その反面、私はあの場で名乗り出る勇気もなくて、最低だ。グッと下唇を噛み、自身の意気地無さを歯痒く思う。
だが、目線を落としたところでふと気づく。
……そうだCD。三笠くんの手元に戻っちゃったら私から話しかけるきっかけがなくなっちゃう。

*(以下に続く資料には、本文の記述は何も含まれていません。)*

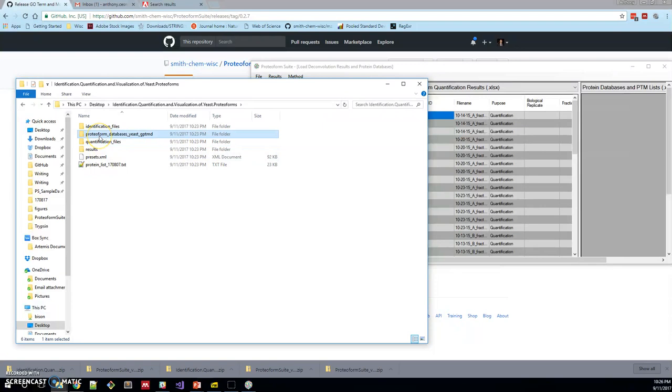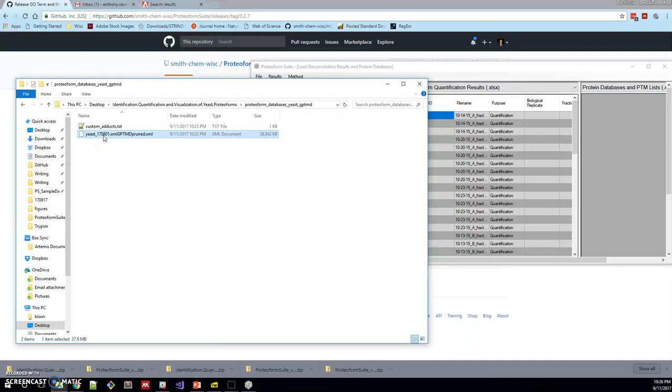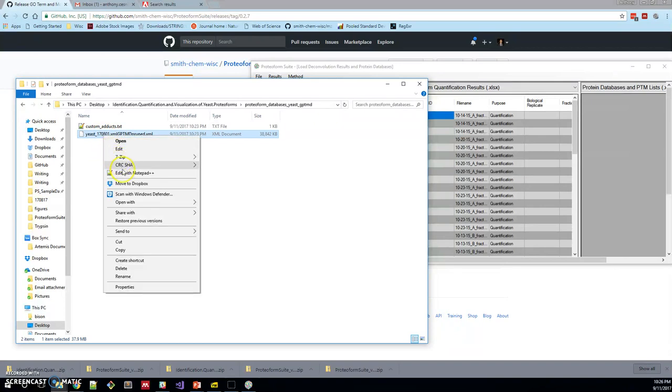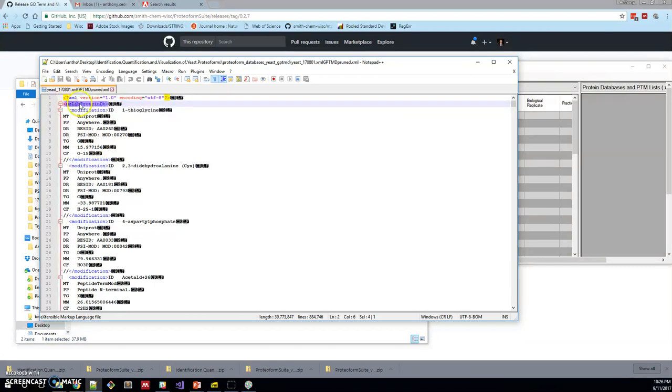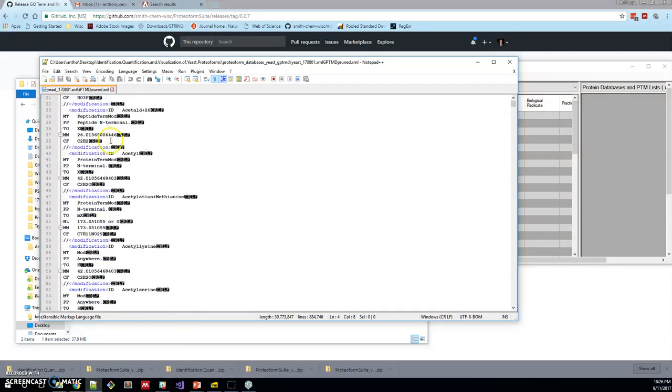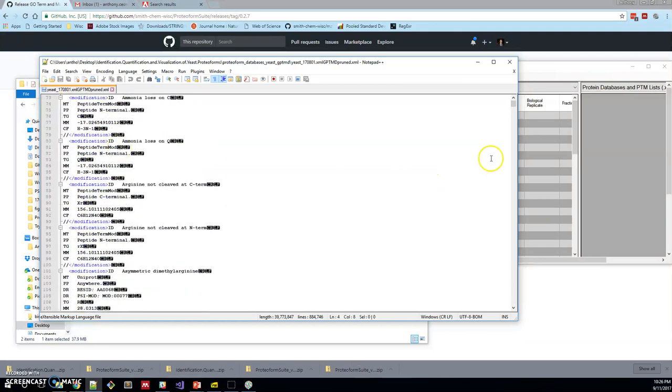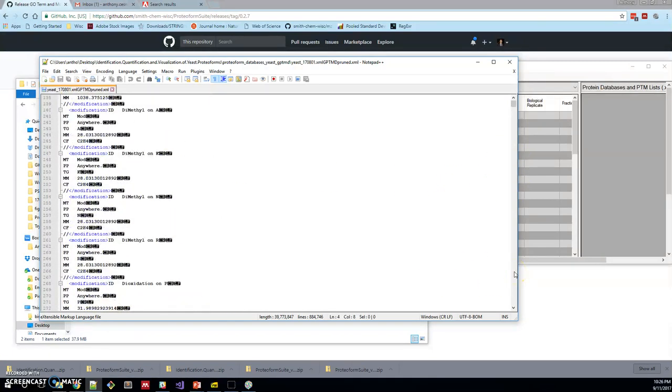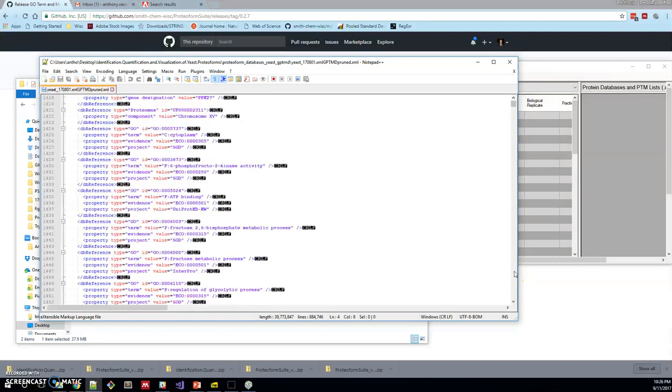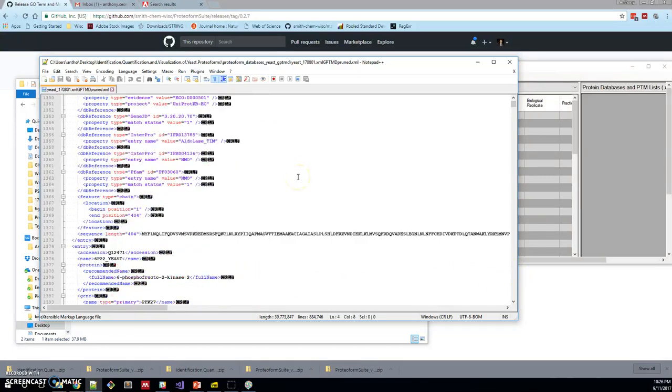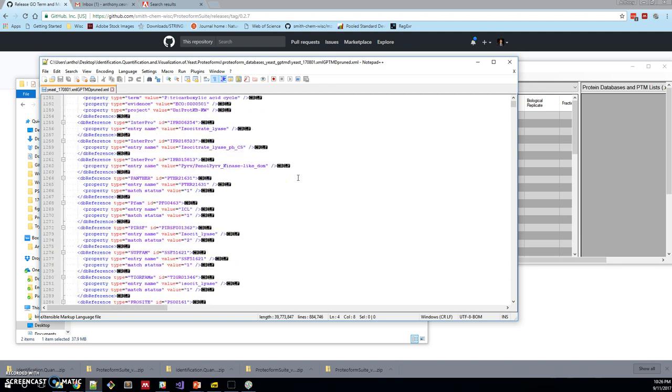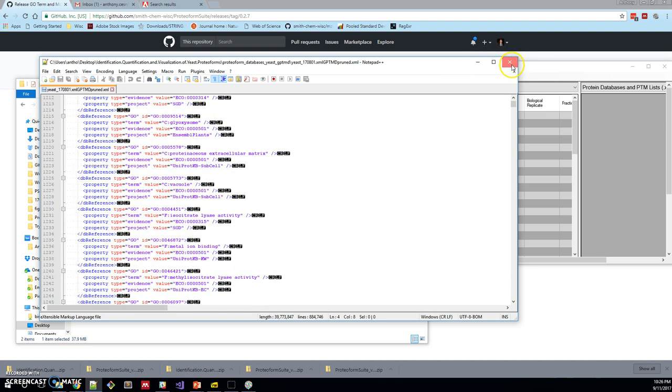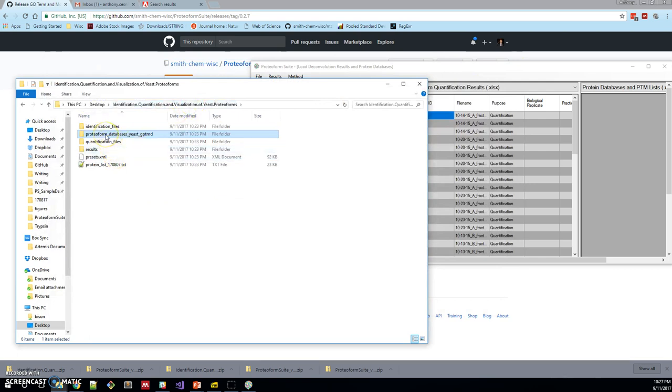Now we have protein databases. If you open this up, you can see that there's a Unimod-formatted database. We can just look at that quick. This is built with the package called mzlib that's open source and available from our lab. It contains modification entries up top so that those are portable, and then down below it has UniProt entries in XML format.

勢いよく顔を上げると、もうそこに三笠くんの姿はない。
「あれ?」
教室を見渡しても姿がない。
……ということは、彼はもう教室を出て帰ってしまったということだ。
私は慌てて教室を飛び出した。
***
どうにか、校門を出たところの三笠くんに追いついた。
「三笠くん!」
彼はくるっと振り返ると、少し驚いた顔をした。メガネ越しでも彼の目が僅かに開かれて見えたのだ。
「え、夏川さん?」
「三笠くん、あのね、」
「あー……えっと、ごめん今ちょっと急いでて。明日でも良い?」
「え、」
「ごめんね。じゃあまた明日」
「え、あの……」
…………あれ?
三笠くんは、私の用件も聞かずに小走りで行ってしまった。
…………もしかして、避けられ、た?
『急いでる』とは言われたけれど、なんだかよそよそしくて、話もさせてもらえないなんて、避けられたとしか思えない。
しかも、避けられる心当たりがあり過ぎるのだ。
先日付き合っているのかと誤解されてからはギクシャクしていたし、さっきだって私が本当のことを言えずにいたから、彼は私の代わりにクラスの笑い者になってしまった。
避けられて当然だ。
当然、だけど………。
避けられたと思うと、胸が苦しい。
制服のシャツにくしゃくしゃの皺がついてしまうくらい、私は無意識に胸の辺りを力一杯握りしめていた。
「ああもう、何やってんの私……」
自分で自分が嫌になる。
今日ほど、自分の行いを後悔したことはなかった。